Quais os impactos da adoção da urna eletrônica no Brasil?

15 jan 2021

Pesquisador responsável: Adriano Valladão Pires Ribeiro

Título do artigo: VOTING TECHNOLOGY, POLITICAL RESPONSIVENESS, AND INFANT HEALTH: EVIDENCE FROM BRAZIL

Autor do artigo: Thomas Fujiwara

Localização da intervenção: Brasil

Tamanho da amostra:  558 municípios

Grande tema:  Política Econômica e Governança

Tipo de Intervenção: Efeitos da adoção da urna eletrônica no número de votos válidos e no gasto público

Variável de Interesse principal: Votos válidos nas eleições

Método de avaliação: Regressão descontínua

Problema de Política

As escolhas de política econômica de qual será o tamanho do gasto público e o direcionamento em relação a quais setores da sociedade serão priorizados fazem parte do sistema político. Uma maior participação política das classes econômicas mais baixas, por exemplo, levaria a uma maior redistribuição a seu favor. No Brasil, a adoção da urna eletrônica aumentou a participação dos eleitores menos escolarizados e mais pobres, levando a implementação de políticas mais direcionadas a esse grupo.

Contexto da Avaliação

Na década de 1990, o Brasil passou a adotar a urna eletrônica nas eleições em substituição ao papel. Preencher um papel de votação, que seria um ato trivial para pessoas com algum nível de escolaridade, era um desafio na época, especialmente quando 23% dos adultos eram incapazes de ler e escrever. O problema se agravava uma vez que se requeria dos cidadãos escrever o nome do candidato para validar o voto e as instruções vinham por escrito. Isso acabava gerando uma quantidade enorme de votos nulos e brancos. Por outro lado, a urna eletrônica contém mensagens de erro quando se computa o voto como nulo ou branco, mostra a foto do candidato escolhido e tem uma orientação passo a passo de como votar. Ou seja, a urna eletrônica reduziu as dificuldades de se votar e levou a uma redução dos votos brancos e nulos.
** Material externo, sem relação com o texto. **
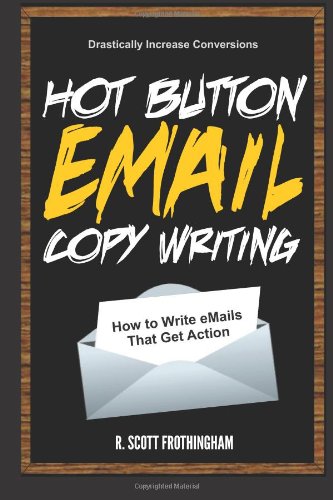 Stock image for Hot Button E-Mail Copywriting: How to Write E-mails That Get Action for sale by ThriftBooks-Atlanta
A análise sobre os efeitos da introdução da urna eletrônica se dá sobre as eleições para o poder legislativo estadual de 1998. Nestas eleições a urna eletrônica foi usada pela primeira vez e, devido a oferta limitada, apenas os municípios com mais de 40.500 eleitores registrados puderam usar a nova tecnologia, isto é, os municípios abaixo dessa linha de corte continuaram usando o papel. Em sequência, avaliou-se se a inclusão dos eleitores menos escolarizados alterou o direcionamento das políticas públicas. Os estados com maior proporção de eleitores em municípios com mais de 40.500 eleitores registrados seriam os mais impactados pela introdução da urna eletrônica, pode-se então comparar a trajetória dos gastos públicos entre os estados para verificar os efeitos da maior participação da população menos escolarizada no processo eleitoral.

Detalhes da Intervenção

As informações sobre as eleições, como o número de eleitores registrados, quantos de fato votaram e os resultados, são disponibilizadas pelo Tribunal Superior Eleitoral para cada município. Dos 5281 municípios, todos os 307 que estavam acima do corte usaram a urna eletrônica. Além disso, para não haver confusão entre o efeito causado pelas urnas e as características dos municípios, usou-se os dados municipais disponibilizados pelo Censo do IBGE de 1991 para cada um deles. Por último, quanto ao efeito de se usar a urna eletrônica, considerou-se a razão entre o número de votos válidos (não nulos ou brancos) sobre o número de pessoas que compareceram na votação.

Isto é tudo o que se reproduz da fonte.